Below the method that is called inside the TransformBlock:

static public MyObject FromBytesToMyObject(byte[] record)
    {
        MyObject object = new MyObject();
        object.counter = BitConverter.ToInt32(record, 0);
        object.nPoints = BitConverter.ToInt32(record, 4);

        for (int i = 0; i < object.nPoints; i++)
        {
            int index = i * 4;
            object.A[i] = BitConverter.ToSingle(record, index + 8);
        }
        return object;
    }

as can be seen from the FromBytesToMyObject () methodthere is a counter inside each record read. So each record never has a counter equal to another record (I also checked through a byte reader like HxD)

Problem

With this setting I thought that the reading and interpretation of the file took place smoothly. But going into debugging and inserting a breakpoint in the "while" after reading about 50 records or more, I noticed that in TransformBlock's OutputQueue groups of records with the same counter are queued, and therefore identical records.

Example:

Exact queue considering only the counters: 1,2,3,4,5,6,7,8,9,10.

Queue that I actually see in OutputQueue: 1,2,2,2,3,3,3,3,4,4,5,5 ....

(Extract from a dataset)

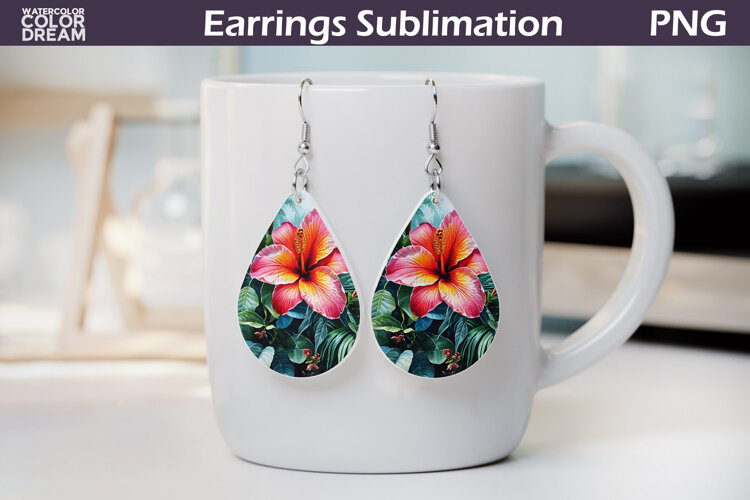 Tropical Flower Teardrop Earrings | Tropical Floral Earrings example image 1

Can you explain to me where I'm wrong?


Solution

  • You are reusing the same byte[] record over and over again, without any thread-safety considerations. No wonder that things are going south fast. If you want to ensure the correctness of the whole operation, you must use a different buffer each time:

    while (true)
    {
        var record = new byte[4000];
        var count = binaryReader.Read(record, 0, record.Length);
        if (count == 0) break;
        Array.Resize(ref record, count);
        await buffer.SendAsync(record);
    }
    buffer.Complete();
    

    If you also care about the performance and don't want to overburden the garbage collector, you should look at the ArrayPool class. But be careful because this class offers new ways to shoot yourself in the foot.